En La tierra que ensucia las manos Gaspar Burón nos regala su memoria vital, su memoria creadora.
Esta obra es un principio, un punto cero en el que el artista arranca cargado de experiencias pasadas y presentes, pero que es diferente a todos sus otros trabajos, aunque estos también se inspiran en jardines, recuerdos y en el renacer que nos provoca el cuidarlos y evocarlos. Es diferente porque nace de la tierra, del movimiento que sus manos imprimen en ella dándole su particular soplo de vida cuando la trabajan.
Primero se nos presenta el negro, el negro vacío, el negro ausencia, después sentimos como irrumpe la luz, el color. Poco a poco, tímidamente, sin apenas notarse, los trazos van poseyendo la obra, la arañan con sus uñas, la muerden, la seducen con sus dedos, la modelan.
Esos lienzos hablan cuando se miran, cuentan su periplo de la Nada a la Luz.
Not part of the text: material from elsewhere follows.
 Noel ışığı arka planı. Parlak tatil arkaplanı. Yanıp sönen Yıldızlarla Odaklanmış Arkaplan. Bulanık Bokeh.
Explican la vieja historia del hombre, cómo los creadores se ensuciaron con el polvo de la vida por primera vez. Relatan ese alumbramiento. Nos recuerdan que siempre llegamos al mundo con las manos vacías y el tiempo nos las va llenando de tierra, de las motas infinitas en las que se convierten las alegrías y las penas.
Gaspar Burón sabe muy bien lo que hace y adónde va porque sus propias manos nacieron del barro, de ese polvo cósmico del que formamos parte todos, y a ese barro sagrado vuelven cada vez que trabajan.
Su obra nos recuerda que el hombre se hizo hombre cuando empezó a cuidar del Paraíso que le fue dado, antes tan solo existía. Seguramente lo primero que hizo fue tocar la tierra en la que se apoyaba, al hacerlo debió de sentir algo extraño, ya conocido, como si no fuera la primera vez que lo hacía.
Sus cuadros nos transportan a una experiencia ya vivida en otros mundos, en el tiempo de los dioses, quizás en el de los muertos. Hace que sintamos el primer aliento en la piel, el que nos infundió la vida. Porque en las volutas de sus trazos, en el contraste de sus formas y colores está la memoria de todos los seres vivos, de los animales, de los pájaros, de los peces y de las piedras.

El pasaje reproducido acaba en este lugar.